I am trying to put together a framework for search quality evaluation for a specialist information provider.
At the moment quality is measured by counting the number of hits for certain key docs across various queries, and monitoring changes on a regular schedule. I’d like to broaden this out into something more scalable and robust, from which a more extensive range of metrics can be calculated. (As an aside, I know there are many ways of evaluating the overall search experience, but I’m focusing solely on ranked retrieval and relevance here).
We are in the fortunate position of being able to acquire binary relevance judgements from SMEs, so can aspire to something like the TREC approach:
http://trec.nist.gov/data/reljudge_eng.html
But of course we are running just a single site search engine here, so can’t pool results across runs to produce a consolidated ‘gold standard’ result set as you would in the TREC framework.
I am sure this scenario repeats the world over.
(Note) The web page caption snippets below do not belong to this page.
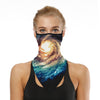 Outdoor Print Seamless Neck Gaiter Protection Face Windproof Biker Tubular Scarf Head Balaclava Ridding Fishing Riding | Vimost Shop.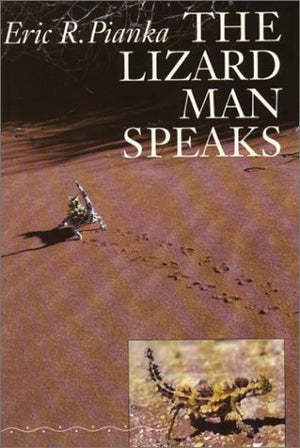 The Lizard Man Speaks (Corrie Herring Hooks Series, No. 26),Used
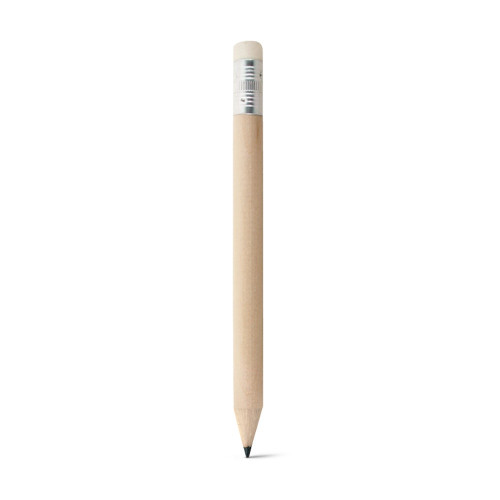 BARTER. Mini pencil with eraser
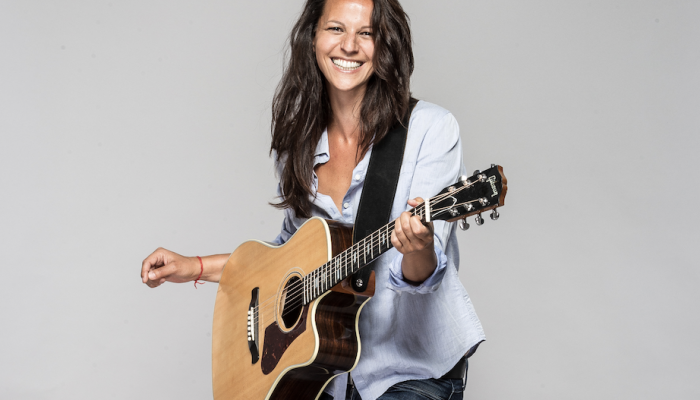 Aude Henneville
One solution I can think of is to run your existing search engine with various alternative configurations, e.g. precision oriented, recall oriented, freshness oriented, etc. and aggregate the top N results from each to emulate the pooling approach. Can anyone suggest any others? Or perhaps an alternative method entirely?
Here’s how we do it (published 2/20/2012): http://www.opensourceconnections.com/2012/02/20/an-introduction-to-results-utility-positioning/
Thx Jason – are you sure that URL is right? It’s giving me a 404.
Tony–Yeah, it’s scheduled to be published Monday afternoon GMT -5.
Doh! those US date formats get me every time 🙂
OK. Let’s try this link again. Here’s the proper one: http://www.opensourceconnections.com/2012/02/19/an-introduction-to-results-utility-positioning/
I can’t blame the Brits for the date kerfuffle!
I blame Pope Gregory. Or was it Julius Caesar. One of those guys …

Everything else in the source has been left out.